Citation du 9 mars 2009

Notre époque obsédée par l'instantanéité est myope. Elle croit avoir tout inventé et être l'aboutissement de tout et elle regarde le passé d'un oeil au mieux condescendant.

Jean Dion – Le Devoir (journal québécois) - 10 Décembre 2000

Ce genre de remarque est très courant et en même temps très décevant.

Très courant, parce que c’est de nos jours une banalité de gémir sur l’oubli du passé et de la tradition, oubli que nous payons par les pires égarement qui nous conduisent à refaire exactement les mêmes erreurs que nos ancêtres : nous n’avons décidément rien appris.

Mais aussi, très décevant : tant qu’à faire de dénoncer la myopie qui nous affecte, prenons-là au sens stricte : elle nous empêche non pas de nous retourner vers la passé (ça serait plutôt de l’arthrose cervicale), mais bien de voir au loin, c’est à dire vers le futur.

Ça y est : vous voyez où je veux en venir je suppose ?

La crise ! Oui, la crise (1)… Nous avons le nez dessus, obsédés par ce qu’elle va être demain matin, quelles souffrances, quelles restrictions elle va nous apporter. Et comme faire pour en éviter les effets.
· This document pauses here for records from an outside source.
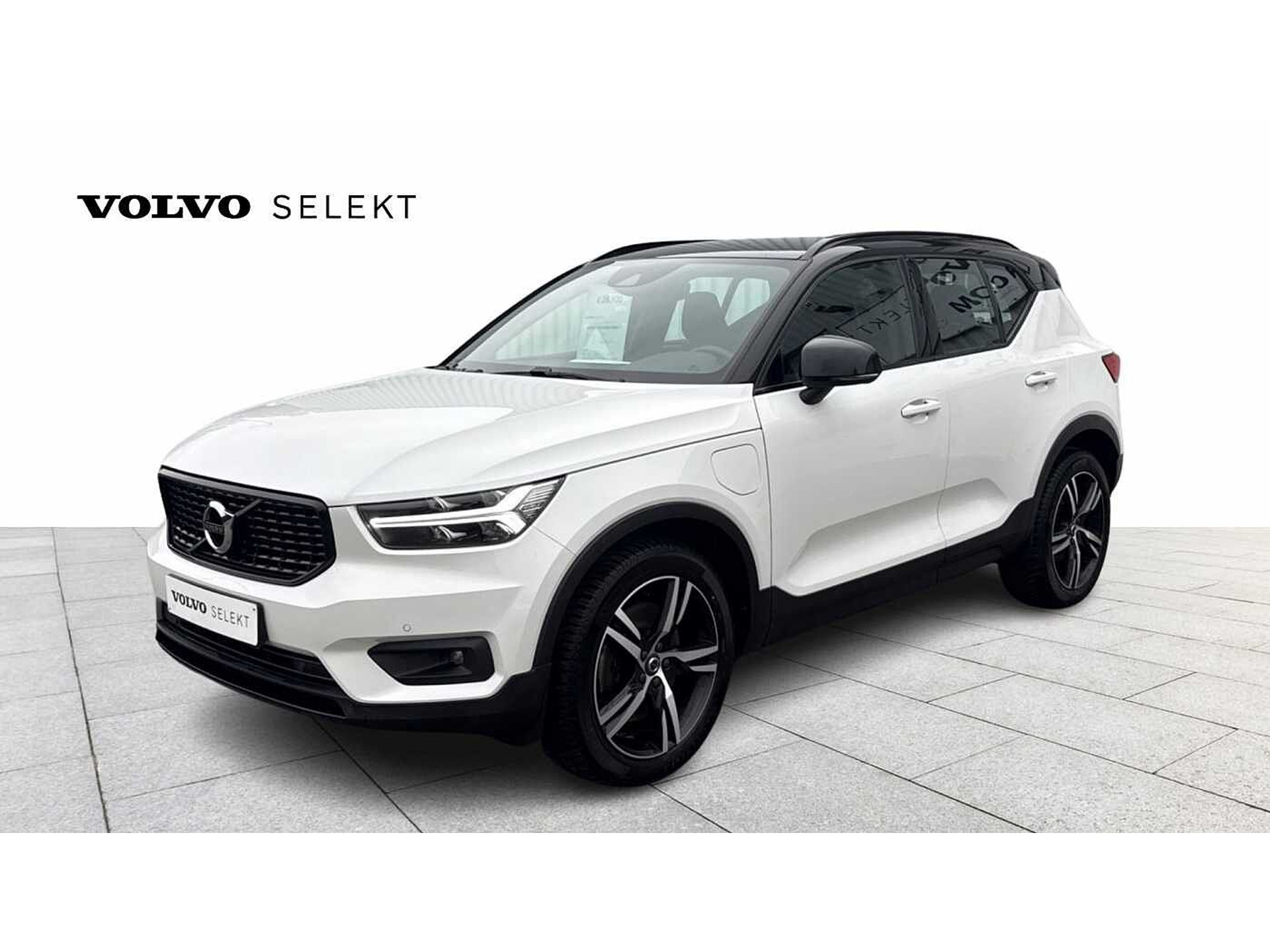 Volvo XC40 T5 Plug-in Hybrid R-Design + 3 JAAR GARANTIE 48482082-0.jpg | ACB Woluwe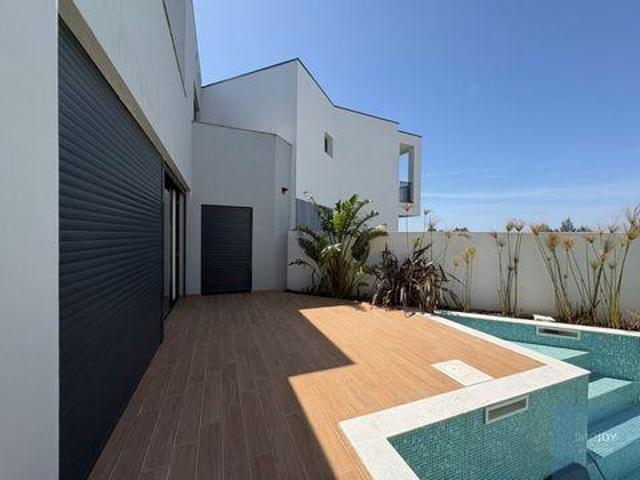 Casaa 3 quarto, Cascais Lisboa 2755 306 DLS97111700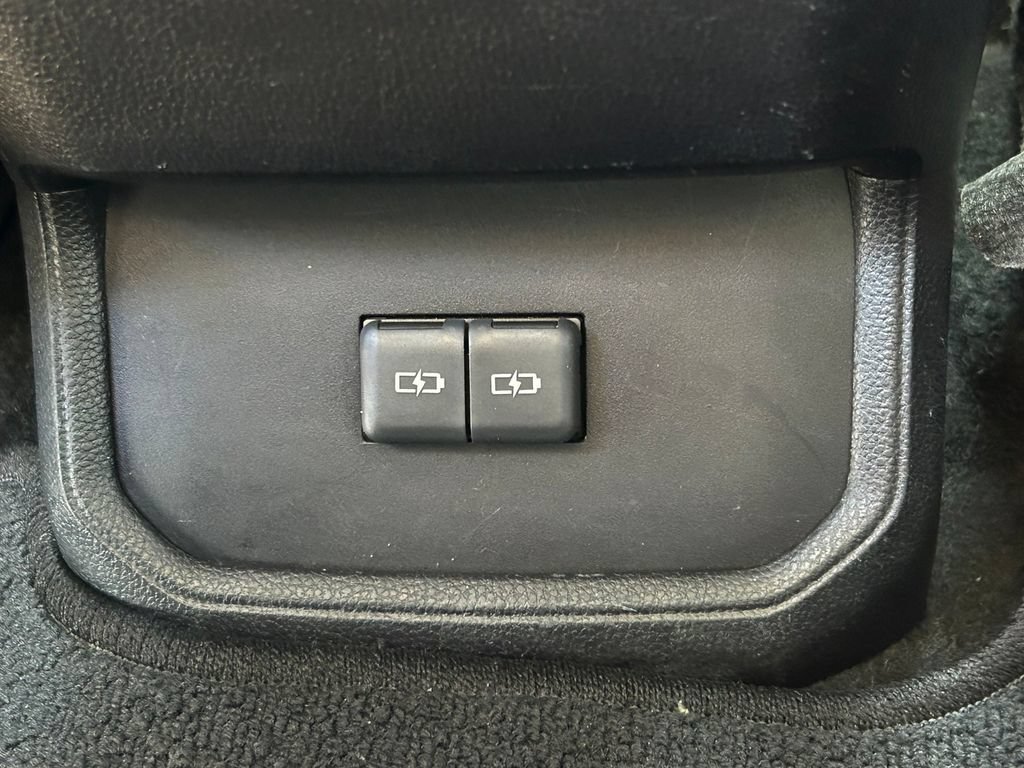 Used 2023 Toyota Highlander XLE FWD image 25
Mais avons-nous le souci de deviner sur quel monde elle va déboucher ? Y aura-t-il un après, différent de l’avant ? Suffira-t-il de régler quelques détails pour que tout reparte ? Y a-t-il une soif du profit, inscrite dans les gènes de l’humanité, qui nous interdirait tout changement ? Ou, au contraire, l’homme issu de sa propre histoire doit-il prendre celle-ci à bras le corps pour lui imposer un virage radical ?

On pourrait au moins se poser la question. Dans les années 60-70, on pensait souvent en terme de révolution. Ce n’était pas très réaliste, ça j’en conviens. Mais au moins, ça évitait la myopie.

Au fond le problème, c’est de regarder au loin et d’y voir clair.

Fra-ter-ni-té, ou Pro-fi-ta-tion ?


(1) Il y aurait toute une étude à faire sur l’usage de l’idée de crise à chaque tournant de siècle.

Ainsi, au tournant du 19ème et du 20ème siècle, c’était la crise de la civilisation européenne qui agitait beaucoup les esprits. En philosophie, on a gardé le souvenir du texte de Husserl (un peu plus tardif il est vrai : 1935), La crise des sciences européennes et la phénoménologie transcendantale.